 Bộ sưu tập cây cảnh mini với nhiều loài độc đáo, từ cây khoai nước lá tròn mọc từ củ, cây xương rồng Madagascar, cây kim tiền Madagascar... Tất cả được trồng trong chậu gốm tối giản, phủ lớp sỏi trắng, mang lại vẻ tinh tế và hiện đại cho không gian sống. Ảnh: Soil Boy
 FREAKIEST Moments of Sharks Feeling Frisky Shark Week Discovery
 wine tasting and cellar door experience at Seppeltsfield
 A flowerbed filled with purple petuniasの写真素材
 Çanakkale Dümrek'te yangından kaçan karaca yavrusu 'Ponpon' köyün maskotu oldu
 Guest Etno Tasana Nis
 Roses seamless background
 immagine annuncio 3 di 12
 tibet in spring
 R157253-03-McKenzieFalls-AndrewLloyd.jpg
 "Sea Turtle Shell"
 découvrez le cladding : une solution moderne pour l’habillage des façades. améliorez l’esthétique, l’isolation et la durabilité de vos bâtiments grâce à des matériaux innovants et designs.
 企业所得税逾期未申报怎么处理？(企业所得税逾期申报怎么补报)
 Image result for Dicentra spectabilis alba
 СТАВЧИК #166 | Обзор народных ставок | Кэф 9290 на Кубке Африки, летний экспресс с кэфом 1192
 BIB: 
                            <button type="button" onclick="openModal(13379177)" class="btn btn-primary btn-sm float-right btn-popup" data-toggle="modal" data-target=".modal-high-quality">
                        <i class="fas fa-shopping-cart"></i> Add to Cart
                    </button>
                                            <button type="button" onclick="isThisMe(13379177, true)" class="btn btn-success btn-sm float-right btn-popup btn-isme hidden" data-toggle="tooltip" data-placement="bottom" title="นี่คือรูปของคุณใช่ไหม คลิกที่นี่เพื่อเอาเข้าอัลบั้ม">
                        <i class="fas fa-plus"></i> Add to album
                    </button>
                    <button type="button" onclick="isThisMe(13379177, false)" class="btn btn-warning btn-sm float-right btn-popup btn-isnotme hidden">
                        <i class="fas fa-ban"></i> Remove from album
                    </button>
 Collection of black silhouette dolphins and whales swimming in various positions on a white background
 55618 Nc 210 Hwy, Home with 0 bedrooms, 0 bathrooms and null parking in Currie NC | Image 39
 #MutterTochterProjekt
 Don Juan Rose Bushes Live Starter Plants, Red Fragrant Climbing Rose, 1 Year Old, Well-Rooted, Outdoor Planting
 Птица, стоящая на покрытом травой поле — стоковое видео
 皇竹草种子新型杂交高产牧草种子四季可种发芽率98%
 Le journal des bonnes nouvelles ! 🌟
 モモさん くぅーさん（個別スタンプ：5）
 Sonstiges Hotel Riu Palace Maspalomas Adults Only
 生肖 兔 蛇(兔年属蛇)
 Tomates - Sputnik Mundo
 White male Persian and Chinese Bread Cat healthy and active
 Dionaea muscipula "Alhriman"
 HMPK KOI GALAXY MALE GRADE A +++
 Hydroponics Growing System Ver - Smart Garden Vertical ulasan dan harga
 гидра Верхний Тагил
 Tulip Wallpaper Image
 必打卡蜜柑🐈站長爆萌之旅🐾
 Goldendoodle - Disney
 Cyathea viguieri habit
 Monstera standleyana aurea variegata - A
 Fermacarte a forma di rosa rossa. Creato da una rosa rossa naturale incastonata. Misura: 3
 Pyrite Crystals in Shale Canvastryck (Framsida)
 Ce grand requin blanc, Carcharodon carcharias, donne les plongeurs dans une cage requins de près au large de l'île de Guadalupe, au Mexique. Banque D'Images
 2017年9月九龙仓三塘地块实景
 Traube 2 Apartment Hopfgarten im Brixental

Problem statement
Search the data above for the word "background". Copy each line it is in.

Result of this exercise
 Roses seamless background
 Collection of black silhouette dolphins and whales swimming in various positions on a white background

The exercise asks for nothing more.